TASK OBJECTIVE
Below are records; reproduce exactly the lines from the first through the one containing "Prompt: portrait of".

Scraped caption text data
+++

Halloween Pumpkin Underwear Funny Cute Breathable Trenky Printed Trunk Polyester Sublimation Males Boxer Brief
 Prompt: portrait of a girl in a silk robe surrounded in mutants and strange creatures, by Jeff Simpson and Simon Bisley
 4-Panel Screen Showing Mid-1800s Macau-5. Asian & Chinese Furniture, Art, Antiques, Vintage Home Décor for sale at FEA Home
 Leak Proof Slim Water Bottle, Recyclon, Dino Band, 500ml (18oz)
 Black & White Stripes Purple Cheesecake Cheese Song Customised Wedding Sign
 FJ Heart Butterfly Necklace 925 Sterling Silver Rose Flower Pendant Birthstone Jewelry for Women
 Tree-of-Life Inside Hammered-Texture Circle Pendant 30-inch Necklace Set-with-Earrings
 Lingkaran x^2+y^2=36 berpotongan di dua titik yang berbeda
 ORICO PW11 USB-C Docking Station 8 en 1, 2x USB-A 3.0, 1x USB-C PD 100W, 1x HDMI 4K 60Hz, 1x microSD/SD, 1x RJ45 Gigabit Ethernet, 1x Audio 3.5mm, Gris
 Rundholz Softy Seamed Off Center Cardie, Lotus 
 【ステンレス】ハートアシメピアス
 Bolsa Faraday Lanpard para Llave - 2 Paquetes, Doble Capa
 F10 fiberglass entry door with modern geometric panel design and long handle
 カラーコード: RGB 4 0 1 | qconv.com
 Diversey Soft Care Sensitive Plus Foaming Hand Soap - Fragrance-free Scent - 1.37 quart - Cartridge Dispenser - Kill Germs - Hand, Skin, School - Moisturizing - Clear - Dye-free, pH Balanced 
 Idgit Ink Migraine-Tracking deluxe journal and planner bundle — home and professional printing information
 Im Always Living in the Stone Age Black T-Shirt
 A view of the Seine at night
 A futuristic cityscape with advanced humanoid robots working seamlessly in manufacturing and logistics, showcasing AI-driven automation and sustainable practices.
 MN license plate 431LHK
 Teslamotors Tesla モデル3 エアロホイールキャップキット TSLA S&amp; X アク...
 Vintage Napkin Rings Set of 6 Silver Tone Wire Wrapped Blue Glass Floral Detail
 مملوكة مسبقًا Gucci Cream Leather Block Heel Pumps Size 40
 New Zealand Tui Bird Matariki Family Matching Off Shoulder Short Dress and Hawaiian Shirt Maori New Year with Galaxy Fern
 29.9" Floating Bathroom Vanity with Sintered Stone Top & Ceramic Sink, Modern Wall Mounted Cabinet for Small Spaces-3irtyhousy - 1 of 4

+++

RESPONSE AREA
Halloween Pumpkin Underwear Funny Cute Breathable Trenky Printed Trunk Polyester Sublimation Males Boxer Brief
 Prompt: portrait of a girl in a silk robe surrounded in mutants and strange creatures, by Jeff Simpson and Simon Bisley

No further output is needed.